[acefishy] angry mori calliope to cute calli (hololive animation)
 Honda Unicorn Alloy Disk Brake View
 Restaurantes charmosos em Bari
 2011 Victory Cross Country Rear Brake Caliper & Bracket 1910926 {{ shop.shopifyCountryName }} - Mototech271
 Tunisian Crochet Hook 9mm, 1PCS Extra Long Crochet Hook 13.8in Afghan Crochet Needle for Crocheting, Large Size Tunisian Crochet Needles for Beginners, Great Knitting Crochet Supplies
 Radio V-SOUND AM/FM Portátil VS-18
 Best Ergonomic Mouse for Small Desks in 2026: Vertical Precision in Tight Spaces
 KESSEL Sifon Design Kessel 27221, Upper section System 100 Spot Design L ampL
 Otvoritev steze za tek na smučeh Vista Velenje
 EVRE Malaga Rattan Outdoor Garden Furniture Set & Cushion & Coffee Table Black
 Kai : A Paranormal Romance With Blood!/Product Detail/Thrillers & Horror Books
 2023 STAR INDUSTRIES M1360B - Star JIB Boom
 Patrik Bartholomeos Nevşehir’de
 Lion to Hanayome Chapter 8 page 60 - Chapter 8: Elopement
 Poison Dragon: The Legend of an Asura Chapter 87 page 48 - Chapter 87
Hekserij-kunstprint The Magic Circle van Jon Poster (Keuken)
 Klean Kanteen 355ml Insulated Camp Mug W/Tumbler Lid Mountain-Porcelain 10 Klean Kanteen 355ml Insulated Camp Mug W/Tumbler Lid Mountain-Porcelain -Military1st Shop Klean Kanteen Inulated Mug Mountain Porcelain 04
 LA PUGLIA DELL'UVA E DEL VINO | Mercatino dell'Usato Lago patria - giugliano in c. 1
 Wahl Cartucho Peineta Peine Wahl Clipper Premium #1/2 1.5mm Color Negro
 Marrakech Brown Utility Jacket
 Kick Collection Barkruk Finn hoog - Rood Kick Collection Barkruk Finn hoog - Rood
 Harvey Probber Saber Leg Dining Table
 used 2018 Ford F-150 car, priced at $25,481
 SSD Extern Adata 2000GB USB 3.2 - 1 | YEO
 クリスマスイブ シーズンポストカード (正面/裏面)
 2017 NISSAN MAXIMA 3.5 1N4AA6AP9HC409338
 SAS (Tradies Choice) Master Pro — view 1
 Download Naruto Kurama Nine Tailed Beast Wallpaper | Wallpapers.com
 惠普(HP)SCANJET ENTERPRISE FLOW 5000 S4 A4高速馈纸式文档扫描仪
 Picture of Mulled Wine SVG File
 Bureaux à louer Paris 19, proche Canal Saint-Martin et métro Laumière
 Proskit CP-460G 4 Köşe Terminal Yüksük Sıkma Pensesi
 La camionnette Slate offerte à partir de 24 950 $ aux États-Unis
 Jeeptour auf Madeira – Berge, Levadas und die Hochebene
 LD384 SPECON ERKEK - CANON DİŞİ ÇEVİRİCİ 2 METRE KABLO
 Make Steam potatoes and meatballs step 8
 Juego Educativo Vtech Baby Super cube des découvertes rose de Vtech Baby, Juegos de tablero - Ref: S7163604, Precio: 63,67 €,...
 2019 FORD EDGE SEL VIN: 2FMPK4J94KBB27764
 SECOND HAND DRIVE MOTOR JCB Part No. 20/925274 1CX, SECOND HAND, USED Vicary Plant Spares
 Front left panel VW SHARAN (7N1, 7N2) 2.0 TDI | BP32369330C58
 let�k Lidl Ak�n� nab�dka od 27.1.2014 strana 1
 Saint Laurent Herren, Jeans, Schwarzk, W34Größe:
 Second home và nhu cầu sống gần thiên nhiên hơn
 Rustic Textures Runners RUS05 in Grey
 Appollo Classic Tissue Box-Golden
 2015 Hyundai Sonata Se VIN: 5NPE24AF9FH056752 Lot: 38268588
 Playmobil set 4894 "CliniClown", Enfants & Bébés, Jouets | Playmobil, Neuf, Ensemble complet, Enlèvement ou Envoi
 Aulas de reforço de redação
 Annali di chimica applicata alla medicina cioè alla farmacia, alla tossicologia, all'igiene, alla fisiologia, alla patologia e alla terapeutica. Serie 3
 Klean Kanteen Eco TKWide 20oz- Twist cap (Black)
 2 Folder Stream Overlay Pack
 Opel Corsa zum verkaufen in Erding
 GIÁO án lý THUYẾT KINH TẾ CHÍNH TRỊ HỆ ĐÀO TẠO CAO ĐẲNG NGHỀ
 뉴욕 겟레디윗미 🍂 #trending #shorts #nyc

* * * * * * *

§ **ACTIVITY**:
An exact, complete copy of the lines above from the one with "Best Ergonomic Mouse" through the one with "EVRE Malaga Rattan" is the whole answer.

§ **REPLY**:
 Best Ergonomic Mouse for Small Desks in 2026: Vertical Precision in Tight Spaces
 KESSEL Sifon Design Kessel 27221, Upper section System 100 Spot Design L ampL
 Otvoritev steze za tek na smučeh Vista Velenje
 EVRE Malaga Rattan Outdoor Garden Furniture Set & Cushion & Coffee Table Black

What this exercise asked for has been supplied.